## Exercise prompt:
Your task is to copy every line of the records below that contains "Women".

-*-

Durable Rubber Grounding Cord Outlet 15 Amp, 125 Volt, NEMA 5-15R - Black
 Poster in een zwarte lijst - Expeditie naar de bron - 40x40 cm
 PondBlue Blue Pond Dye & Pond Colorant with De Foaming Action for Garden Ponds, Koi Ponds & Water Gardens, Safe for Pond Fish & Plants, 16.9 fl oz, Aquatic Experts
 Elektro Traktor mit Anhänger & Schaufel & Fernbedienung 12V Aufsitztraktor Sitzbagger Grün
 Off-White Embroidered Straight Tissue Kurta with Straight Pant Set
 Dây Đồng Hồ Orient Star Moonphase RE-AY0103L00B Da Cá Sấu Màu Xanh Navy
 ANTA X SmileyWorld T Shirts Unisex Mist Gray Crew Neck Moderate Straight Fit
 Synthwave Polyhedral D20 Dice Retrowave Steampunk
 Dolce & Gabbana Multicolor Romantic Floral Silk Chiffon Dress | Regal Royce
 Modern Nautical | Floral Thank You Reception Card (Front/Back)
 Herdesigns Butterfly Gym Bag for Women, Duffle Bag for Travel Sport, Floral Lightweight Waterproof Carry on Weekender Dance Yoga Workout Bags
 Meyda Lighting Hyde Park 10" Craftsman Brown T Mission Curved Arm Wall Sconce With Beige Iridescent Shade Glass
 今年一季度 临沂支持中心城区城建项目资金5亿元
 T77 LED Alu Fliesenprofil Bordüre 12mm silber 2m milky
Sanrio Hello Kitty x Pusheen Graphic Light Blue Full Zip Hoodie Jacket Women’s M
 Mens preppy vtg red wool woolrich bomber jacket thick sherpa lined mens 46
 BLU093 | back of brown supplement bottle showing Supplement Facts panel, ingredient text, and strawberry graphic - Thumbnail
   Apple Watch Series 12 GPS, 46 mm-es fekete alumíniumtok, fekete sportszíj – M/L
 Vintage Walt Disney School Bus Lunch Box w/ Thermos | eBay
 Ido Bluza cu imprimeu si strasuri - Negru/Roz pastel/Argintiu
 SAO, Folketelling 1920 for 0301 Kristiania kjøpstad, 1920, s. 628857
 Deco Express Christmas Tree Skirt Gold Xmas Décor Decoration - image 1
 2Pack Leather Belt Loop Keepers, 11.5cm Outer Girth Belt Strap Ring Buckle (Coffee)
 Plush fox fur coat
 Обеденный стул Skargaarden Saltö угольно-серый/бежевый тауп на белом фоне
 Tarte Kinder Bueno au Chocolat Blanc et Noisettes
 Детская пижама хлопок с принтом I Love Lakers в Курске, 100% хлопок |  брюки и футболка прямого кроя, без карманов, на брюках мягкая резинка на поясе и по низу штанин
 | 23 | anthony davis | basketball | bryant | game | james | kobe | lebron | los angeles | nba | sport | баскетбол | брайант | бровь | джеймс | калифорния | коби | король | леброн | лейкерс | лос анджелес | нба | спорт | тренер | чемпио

-*-

## Response:
 Herdesigns Butterfly Gym Bag for Women, Duffle Bag for Travel Sport, Floral Lightweight Waterproof Carry on Weekender Dance Yoga Workout Bags
Sanrio Hello Kitty x Pusheen Graphic Light Blue Full Zip Hoodie Jacket Women’s M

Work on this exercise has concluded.